Solved – SVM parameter selection and cross validation

cross-validationmachine learningpredictive-modelssvm

Have a quick question about parameter selection for an SVM. I'm using a rbf kernel, so trying to optimize C and gamma. I have an example set of around 4500, about 700 features, and using 700 examples from the set for testing. My dataset does consist of time series. I've been using a 5 fold cross validation with a grid search to find the optimal parameters for the test set and have continued to noticed fairly large differences between the accuracy of my training set vs. the accuracy of my test set. Note, however, when I say accuracy, I have imposed a cost matrix when evaluating the fit of the model such that certain classes have much higher costs when misclassified (note i also ran the svm with unequal class weights).
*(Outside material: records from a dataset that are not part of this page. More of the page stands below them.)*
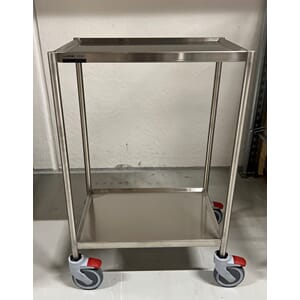 Instrumentbord på hjul, 60x40cm, rustfritt, 2 plater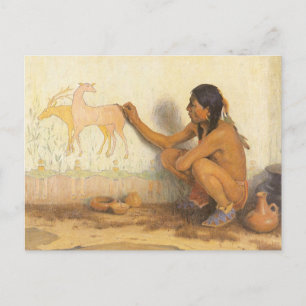 Vintage Native American, Indian Artist by Couse Postcard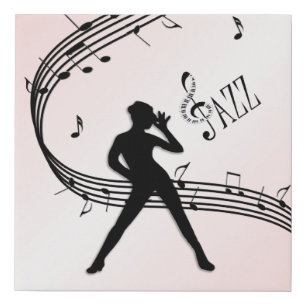 Jazz Dance Pink Music Faux Canvas Print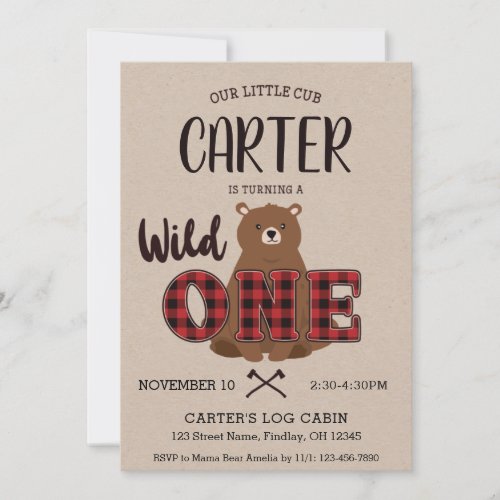 Wild ONE Plaid Bear Birthday Party Invitation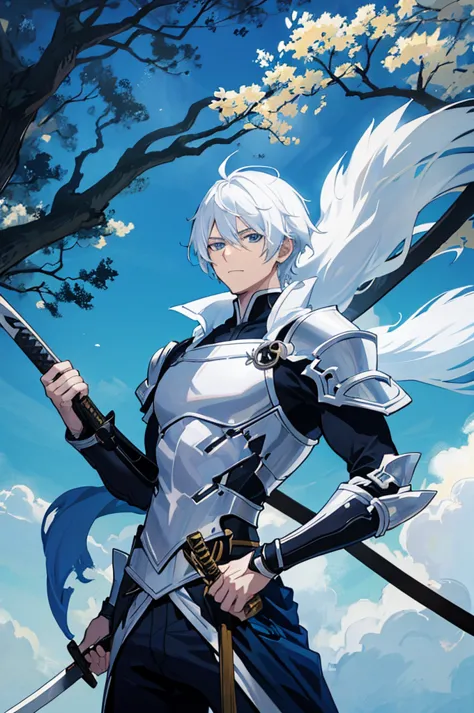 A 25 years old anime man with white hair, holding a Katana, Wearing a Blue and Black armor , Standing close to a tree 
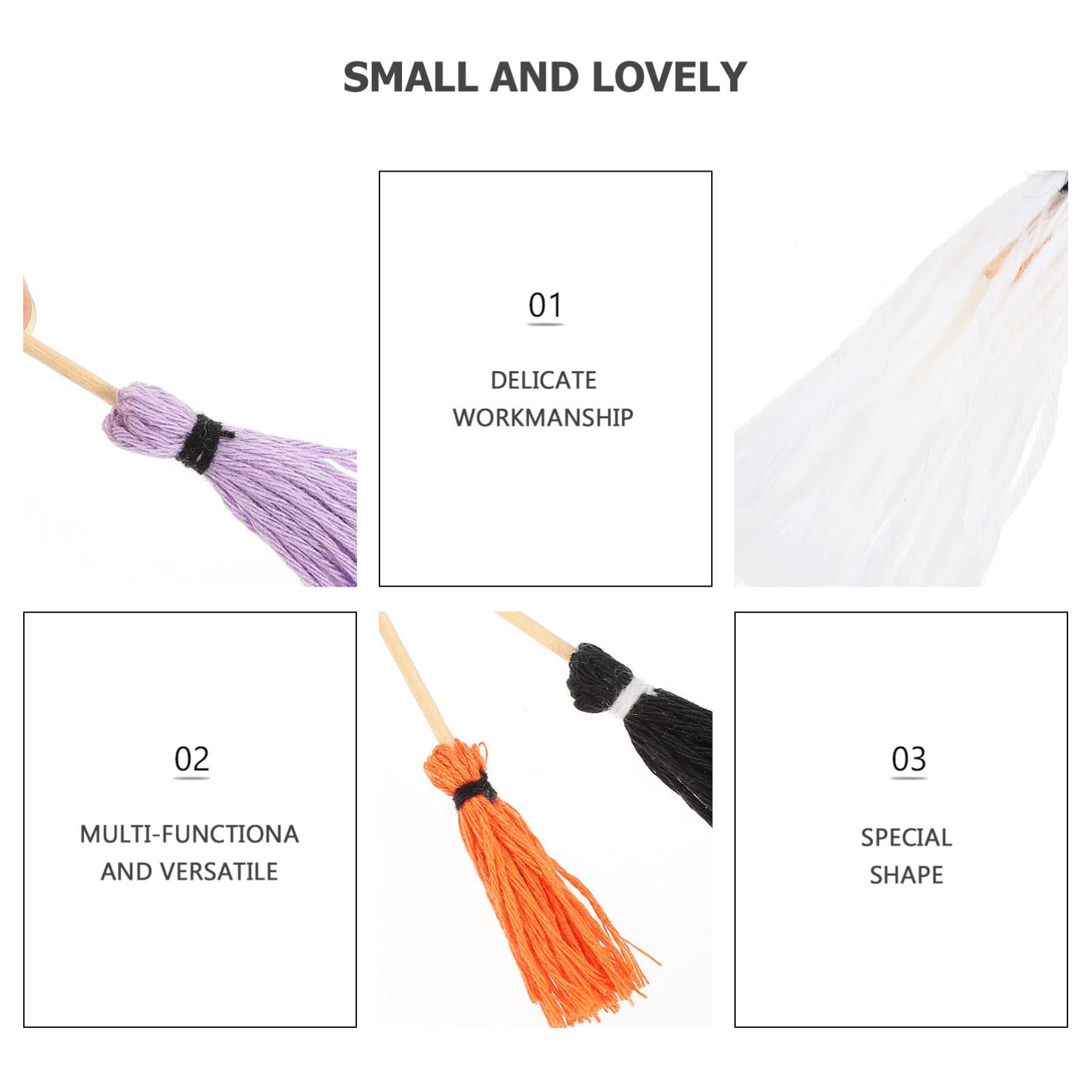 PRETYZOOM 12-Piece Mini Broom Set - Witch Broomstick Props, Kids Toy Mops, Halloween Decor & Costume Accessories for Child Cosplay, Dollhouse Miniatures & Home Decoration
Because my data is a time series, I'm wondering if I should use a different approach from cross validation e.g. a moving window evaluation or something similar. Is cross validation the best approach? Are there other ways to search for the optimal parameters? And also, are there ways to speed up the parameter search (I've heard of using minimum finding algorithms as an alternative to a grid search, which I'm considering implementing)?

Any thoughts would be most welcome. Thanks.

Best Answer

There is a recently proposed method to speed up grid search: "Fast Cross validation via sequential analysis"

http://www.scribd.com/doc/76134034/Fast-Cross-Validation-Via-Sequential-Analysis-Talk

Basically, they're doing a normal grid search, but try to eliminate bad parameters early in the process and not waste too much computation on them. It's fairly new and I don't know independent evaluations of their method, but I'm currently implementing it and want to give it a try.